Aujourd’hui, mercredi, les associations « Aswat Nissa » et « l’association Femmes et citoyenneté au Kef» ont publié leur rapport annuel sur les crimes de féminicides en Tunisie pour l’année 2023, intitulé « Féminicides : le phénomène ignoré ».
Composé de 25 pages, ce rapport aborde quatre axes principaux : le phénomène des féminicides : dimensions sociale et de genre, le cadre juridique des féminicides, des statistiques alarmantes et l’absence de politiques publiques efficaces, et enfin, les recommandations.
Phénomène des Féminicides : dimensions sociales et de genre
Dans le premier axe, le rapport souligne que le terme féminicide renvoie aux dimensions sociales et de genre de ce phénomène, en indiquant que les féminicides sont souvent perpétrés en raison du sexe ou du genre de la victime.
Le rapport affirme que les féminicides résultent souvent de la discrimination sexiste, de la domination masculine, de la violence domestique, des mariages forcés, des traditions culturelles et des pratiques médiatiques dégradantes pour les femmes, entre autres facteurs.
Selon le rapport, les féminicides sont souvent liés à d’autres crimes de violence comme les crimes d’honneur, la violence sexuelle, le viol, le harcèlement et d’autres crimes violents qui ciblent spécifiquement les femmes en raison de leur sexe.
Cadre Juridique des Féminicides
Le deuxième axe du rapport traite du cadre juridique des féminicides en Tunisie. Contrairement à de nombreux pays occidentaux et arabes, le concept de féminicide n’est pas reconnu comme un crime distinct dans la législation tunisienne, malgré les demandes de la société civile pour son inclusion dans les lois en vigueur.
Le rapport précise que le féminicide n’est pas reconnu comme un crime indépendant en Tunisie.
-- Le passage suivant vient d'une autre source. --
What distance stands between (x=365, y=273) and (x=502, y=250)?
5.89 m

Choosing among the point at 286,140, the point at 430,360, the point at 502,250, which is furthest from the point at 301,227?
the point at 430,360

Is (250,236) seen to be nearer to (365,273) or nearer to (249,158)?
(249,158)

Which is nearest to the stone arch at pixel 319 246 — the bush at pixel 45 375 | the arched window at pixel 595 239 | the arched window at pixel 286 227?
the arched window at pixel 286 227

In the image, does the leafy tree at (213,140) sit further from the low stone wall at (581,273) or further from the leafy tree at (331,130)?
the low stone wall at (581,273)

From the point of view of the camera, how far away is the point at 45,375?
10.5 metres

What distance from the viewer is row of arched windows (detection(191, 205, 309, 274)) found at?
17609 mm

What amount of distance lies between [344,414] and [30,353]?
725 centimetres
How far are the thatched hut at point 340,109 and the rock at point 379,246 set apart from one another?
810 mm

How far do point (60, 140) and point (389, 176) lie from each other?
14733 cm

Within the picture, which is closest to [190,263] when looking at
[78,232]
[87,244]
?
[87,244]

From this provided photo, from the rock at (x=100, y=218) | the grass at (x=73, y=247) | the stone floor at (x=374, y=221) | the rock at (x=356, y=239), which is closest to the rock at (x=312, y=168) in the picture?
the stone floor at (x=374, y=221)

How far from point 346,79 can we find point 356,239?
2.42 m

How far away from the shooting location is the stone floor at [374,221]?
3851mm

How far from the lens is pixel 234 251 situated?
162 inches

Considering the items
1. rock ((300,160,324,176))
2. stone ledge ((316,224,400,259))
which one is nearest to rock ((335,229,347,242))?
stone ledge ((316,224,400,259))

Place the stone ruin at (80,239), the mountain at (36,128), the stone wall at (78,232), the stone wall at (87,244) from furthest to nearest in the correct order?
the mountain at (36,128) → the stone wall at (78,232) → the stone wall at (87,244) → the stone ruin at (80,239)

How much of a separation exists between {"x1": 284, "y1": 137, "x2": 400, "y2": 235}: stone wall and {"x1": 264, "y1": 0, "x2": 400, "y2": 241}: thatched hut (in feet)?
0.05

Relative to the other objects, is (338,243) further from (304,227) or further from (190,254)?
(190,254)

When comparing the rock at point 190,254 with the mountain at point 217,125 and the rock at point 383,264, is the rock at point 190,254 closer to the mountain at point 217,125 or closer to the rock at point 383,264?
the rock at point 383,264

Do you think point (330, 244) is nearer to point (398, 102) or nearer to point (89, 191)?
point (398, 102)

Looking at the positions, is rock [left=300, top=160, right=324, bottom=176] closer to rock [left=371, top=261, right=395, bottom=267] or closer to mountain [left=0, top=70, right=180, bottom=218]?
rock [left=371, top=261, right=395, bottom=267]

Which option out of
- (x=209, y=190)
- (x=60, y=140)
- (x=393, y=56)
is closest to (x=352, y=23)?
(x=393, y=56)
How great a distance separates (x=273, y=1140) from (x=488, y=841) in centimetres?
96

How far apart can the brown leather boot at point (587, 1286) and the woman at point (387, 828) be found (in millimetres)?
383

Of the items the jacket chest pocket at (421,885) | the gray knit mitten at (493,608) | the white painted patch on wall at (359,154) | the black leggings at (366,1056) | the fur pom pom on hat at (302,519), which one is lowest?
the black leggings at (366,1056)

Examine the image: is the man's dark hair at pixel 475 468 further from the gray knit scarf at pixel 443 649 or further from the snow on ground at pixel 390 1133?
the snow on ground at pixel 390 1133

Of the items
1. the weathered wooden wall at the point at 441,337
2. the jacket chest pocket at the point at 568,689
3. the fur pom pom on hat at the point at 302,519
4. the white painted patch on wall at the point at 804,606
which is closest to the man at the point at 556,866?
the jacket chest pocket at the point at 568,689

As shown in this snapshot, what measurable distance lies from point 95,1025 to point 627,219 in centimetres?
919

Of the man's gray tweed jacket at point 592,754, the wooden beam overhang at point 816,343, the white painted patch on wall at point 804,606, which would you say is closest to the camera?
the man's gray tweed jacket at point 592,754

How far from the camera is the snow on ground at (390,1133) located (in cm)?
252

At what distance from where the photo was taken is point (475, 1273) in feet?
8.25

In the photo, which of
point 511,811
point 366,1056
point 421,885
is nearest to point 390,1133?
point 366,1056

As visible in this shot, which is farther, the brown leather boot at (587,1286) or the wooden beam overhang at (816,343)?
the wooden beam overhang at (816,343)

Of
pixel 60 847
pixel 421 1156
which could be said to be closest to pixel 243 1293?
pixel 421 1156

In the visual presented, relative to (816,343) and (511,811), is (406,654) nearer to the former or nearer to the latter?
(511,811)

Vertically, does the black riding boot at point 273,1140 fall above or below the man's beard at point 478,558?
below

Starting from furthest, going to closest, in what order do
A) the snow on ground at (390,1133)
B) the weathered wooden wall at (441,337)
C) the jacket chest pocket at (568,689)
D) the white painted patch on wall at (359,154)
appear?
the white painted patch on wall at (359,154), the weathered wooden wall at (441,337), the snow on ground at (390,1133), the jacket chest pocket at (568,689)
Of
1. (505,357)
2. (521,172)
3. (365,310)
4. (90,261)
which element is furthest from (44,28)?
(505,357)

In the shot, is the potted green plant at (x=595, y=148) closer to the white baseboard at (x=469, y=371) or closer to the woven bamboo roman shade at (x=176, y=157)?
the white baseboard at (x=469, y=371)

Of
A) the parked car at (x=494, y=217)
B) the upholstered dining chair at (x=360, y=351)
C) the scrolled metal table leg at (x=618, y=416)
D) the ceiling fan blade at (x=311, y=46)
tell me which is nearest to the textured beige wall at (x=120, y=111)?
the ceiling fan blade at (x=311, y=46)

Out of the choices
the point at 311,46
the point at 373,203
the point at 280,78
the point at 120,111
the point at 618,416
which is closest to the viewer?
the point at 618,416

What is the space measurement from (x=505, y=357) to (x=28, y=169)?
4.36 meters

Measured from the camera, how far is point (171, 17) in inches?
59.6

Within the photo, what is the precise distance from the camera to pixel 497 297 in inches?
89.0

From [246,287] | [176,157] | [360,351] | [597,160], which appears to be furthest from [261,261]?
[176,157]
La loi n° 58 de 2017 sur l’élimination de la violence à l’égard des femmes considère que l’atteinte à la vie d’une femme ou son meurtre sont des formes de violence physique, et non des crimes en soi.
Les associations « Aswat Nissa » et « l’association Femmes et Citoyenneté au Kef » appellent donc le législateur tunisien à adopter le terme féminicide comme un crime distinct, afin de reconnaître la spécificité de ce crime, de rendre justice aux victimes et de contribuer à réduire ces crimes tout en sensibilisant aux dangers de la violence à l’égard des femmes.
Statistiques alarmantes et absence de politiques publiques efficaces
Dans le troisième axe, le rapport rappelle certaines données publiées par le ministère de la Famille, de la Femme, de l’Enfance et des Seniors dans son rapport sur les caractéristiques socio-économiques des femmes victimes de féminicides et les profils des auteurs de ces crimes, couvrant la période de janvier 2018 au 30 juin 2023.
Selon le rapport du ministère, 69 féminicides ont été enregistrés dans 19 gouvernorats au cours de cette période. Les statistiques montrent que le nombre de féminicides a quadruplé entre le 1er janvier 2018 et le 30 juin 2023.
Le rapport des associations critique le ministère de la Famille pour ne pas avoir publié des données détaillées reflétant la gravité du phénomène, et pour l’absence de campagnes de sensibilisation et de prévention. Il estime que le Ministère ne réagit pas de manière adéquate à l’augmentation des féminicides.
Les associations signalent également avoir enregistré 25 féminicides l’année dernière, dont 13 femmes tuées par leurs maris. Elles soulignent que ces crimes ne sont pas limités à une région spécifique mais touchent l’ensemble des gouvernorats.
Le rapport pointe aussi un manque de rigueur dans l’application de la loi, en raison de l’absence de réponse sérieuse aux demandes de protection des femmes victimes de violence lorsqu’elles s’adressent à la police ou au juge familial.
Recommandations
Enfin, dans le quatrième axe, le rapport propose une série de recommandations pour renforcer la collaboration entre les associations féministes et de défense des droits humains afin de mettre en place des plans d’action clairs pour lutter contre les féminicides, et garantir des efforts accrus de protection, de prévention et de sensibilisation.
Le rapport recommande également de créer davantage de refuges pour les victimes dans toutes les régions, de fournir les ressources humaines et matérielles nécessaires, de faciliter l’accès des victimes aux centres d’hébergement et de leur offrir le soutien nécessaire. Il appelle à l’abandon des procès-verbaux de non-exposition pour les femmes victimes de violence, estimant que ces documents sont « préventifs mais non protecteurs » et ne préviennent pas les féminicides.